## Directions
Count the lines in the data below that have "Screenshot" in them, and reply with only that number.

========

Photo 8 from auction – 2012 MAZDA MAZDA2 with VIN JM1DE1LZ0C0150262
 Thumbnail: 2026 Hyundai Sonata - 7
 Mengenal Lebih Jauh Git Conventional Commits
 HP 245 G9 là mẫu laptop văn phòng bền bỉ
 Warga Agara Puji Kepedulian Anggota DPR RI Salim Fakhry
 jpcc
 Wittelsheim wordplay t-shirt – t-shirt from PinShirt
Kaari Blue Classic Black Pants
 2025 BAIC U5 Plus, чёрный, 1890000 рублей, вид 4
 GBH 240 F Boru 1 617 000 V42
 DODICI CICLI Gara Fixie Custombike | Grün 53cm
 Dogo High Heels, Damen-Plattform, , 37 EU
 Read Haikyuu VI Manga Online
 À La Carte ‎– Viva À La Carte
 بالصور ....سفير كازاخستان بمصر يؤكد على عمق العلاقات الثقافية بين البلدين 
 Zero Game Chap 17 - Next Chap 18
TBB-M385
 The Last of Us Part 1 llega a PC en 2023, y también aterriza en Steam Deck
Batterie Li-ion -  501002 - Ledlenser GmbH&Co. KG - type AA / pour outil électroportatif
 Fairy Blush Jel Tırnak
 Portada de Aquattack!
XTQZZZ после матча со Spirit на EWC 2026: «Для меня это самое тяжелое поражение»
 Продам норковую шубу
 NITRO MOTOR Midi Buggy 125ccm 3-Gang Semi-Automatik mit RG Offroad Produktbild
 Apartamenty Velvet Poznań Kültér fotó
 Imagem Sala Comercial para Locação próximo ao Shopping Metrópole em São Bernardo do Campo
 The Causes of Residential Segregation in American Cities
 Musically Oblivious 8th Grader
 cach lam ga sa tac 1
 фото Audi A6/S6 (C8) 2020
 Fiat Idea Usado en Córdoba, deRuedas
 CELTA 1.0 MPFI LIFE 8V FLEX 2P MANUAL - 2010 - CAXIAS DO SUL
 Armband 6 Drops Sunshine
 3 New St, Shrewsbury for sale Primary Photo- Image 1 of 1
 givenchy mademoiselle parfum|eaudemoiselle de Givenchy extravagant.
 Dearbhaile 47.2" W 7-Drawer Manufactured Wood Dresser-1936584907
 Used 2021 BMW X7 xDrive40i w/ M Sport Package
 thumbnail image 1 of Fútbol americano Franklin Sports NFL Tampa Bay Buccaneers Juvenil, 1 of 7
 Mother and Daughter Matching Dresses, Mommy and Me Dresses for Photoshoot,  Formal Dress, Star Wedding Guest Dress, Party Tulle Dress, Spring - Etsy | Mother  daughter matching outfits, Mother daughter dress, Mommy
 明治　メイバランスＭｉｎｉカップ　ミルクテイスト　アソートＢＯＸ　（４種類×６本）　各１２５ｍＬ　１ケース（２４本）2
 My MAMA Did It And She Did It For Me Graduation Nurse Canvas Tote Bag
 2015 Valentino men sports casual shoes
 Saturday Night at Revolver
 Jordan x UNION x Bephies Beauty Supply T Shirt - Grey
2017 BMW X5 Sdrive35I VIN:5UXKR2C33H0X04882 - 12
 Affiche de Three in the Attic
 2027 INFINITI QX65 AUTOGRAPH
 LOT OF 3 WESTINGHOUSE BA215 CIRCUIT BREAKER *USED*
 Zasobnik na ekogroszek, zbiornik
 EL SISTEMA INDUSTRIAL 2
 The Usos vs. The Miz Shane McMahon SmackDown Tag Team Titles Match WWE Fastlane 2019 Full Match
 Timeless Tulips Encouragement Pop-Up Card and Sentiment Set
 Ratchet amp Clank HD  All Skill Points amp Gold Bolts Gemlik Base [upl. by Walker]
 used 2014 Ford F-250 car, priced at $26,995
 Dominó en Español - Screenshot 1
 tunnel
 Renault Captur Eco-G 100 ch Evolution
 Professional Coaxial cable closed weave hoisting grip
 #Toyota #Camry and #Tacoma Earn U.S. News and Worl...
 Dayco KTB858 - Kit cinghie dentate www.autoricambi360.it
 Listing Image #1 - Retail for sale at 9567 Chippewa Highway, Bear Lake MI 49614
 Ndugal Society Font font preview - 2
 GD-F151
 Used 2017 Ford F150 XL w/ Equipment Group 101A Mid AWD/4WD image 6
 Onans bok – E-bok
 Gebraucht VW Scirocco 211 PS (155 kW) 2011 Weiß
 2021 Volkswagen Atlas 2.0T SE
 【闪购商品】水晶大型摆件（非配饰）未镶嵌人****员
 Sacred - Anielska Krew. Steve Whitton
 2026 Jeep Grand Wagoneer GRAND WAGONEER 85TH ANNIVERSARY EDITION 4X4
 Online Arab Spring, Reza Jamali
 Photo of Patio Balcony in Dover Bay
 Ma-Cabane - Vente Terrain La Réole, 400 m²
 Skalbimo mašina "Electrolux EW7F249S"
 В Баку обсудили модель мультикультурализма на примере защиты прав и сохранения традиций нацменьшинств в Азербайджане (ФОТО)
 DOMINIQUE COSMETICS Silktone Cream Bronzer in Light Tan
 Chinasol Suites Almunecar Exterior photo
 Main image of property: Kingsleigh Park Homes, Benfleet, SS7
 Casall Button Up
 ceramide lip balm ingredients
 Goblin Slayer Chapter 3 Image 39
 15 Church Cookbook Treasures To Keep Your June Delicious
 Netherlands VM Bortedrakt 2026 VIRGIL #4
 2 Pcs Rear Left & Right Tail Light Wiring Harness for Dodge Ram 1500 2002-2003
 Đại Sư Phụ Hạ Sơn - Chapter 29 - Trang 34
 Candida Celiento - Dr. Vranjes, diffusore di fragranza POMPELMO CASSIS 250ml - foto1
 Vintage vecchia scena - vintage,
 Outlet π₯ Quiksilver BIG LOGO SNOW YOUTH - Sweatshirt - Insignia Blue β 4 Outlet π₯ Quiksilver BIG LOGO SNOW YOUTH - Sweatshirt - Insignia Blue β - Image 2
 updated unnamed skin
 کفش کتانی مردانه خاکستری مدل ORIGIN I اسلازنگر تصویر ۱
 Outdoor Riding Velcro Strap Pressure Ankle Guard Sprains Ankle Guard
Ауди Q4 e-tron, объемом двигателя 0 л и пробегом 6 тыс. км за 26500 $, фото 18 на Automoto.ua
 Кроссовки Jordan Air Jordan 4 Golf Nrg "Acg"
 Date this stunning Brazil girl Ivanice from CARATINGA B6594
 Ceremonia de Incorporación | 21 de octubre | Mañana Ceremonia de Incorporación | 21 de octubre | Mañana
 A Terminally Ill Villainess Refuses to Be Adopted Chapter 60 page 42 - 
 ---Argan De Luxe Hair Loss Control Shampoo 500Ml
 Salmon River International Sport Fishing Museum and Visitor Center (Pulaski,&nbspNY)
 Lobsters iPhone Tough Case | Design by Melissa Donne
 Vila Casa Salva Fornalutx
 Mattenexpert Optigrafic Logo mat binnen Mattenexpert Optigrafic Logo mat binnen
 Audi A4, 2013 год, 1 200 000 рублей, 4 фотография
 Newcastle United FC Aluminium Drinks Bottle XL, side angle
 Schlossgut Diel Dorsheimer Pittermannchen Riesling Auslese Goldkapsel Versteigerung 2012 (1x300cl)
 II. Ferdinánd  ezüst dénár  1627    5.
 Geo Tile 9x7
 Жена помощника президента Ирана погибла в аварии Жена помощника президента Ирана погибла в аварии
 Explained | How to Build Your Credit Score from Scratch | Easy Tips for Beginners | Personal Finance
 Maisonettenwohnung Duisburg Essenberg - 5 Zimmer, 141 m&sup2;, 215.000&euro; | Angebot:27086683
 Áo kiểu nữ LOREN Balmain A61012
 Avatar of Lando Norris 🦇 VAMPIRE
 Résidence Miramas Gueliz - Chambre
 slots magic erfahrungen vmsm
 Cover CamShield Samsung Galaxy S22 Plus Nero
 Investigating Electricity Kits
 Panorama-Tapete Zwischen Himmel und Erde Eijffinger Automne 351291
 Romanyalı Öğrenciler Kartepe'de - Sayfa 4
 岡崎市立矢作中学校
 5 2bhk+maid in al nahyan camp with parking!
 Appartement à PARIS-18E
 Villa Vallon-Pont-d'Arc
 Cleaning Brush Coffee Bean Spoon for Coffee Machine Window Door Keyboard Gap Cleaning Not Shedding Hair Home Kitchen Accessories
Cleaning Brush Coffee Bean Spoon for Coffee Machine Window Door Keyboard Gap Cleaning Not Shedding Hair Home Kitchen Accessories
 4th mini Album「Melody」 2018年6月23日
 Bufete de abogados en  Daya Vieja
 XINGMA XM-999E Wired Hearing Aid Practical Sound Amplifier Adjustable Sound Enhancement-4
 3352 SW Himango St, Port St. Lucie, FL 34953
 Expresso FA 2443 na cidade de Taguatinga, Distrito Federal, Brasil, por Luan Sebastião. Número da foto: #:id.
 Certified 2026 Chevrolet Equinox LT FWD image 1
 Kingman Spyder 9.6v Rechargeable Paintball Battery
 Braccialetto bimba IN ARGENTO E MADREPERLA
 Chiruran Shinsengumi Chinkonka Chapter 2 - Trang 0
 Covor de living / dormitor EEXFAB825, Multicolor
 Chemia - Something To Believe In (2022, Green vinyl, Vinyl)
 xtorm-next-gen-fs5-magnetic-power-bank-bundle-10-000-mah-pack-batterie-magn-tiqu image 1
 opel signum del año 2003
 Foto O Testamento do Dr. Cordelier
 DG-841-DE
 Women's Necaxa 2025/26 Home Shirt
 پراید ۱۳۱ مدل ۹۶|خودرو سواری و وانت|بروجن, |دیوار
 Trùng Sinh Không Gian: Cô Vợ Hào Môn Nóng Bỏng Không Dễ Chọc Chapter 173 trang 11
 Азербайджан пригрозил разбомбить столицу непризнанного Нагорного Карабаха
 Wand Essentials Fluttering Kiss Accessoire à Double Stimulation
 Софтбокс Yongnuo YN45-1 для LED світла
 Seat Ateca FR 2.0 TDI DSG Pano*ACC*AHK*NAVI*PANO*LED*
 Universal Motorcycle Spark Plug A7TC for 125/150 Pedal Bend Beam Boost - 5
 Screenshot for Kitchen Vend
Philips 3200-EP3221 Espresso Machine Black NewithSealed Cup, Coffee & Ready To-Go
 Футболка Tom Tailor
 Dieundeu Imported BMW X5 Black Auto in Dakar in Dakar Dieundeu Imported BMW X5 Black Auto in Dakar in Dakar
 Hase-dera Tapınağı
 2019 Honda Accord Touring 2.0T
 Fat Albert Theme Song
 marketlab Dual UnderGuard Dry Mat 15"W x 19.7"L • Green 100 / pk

========

## Result
2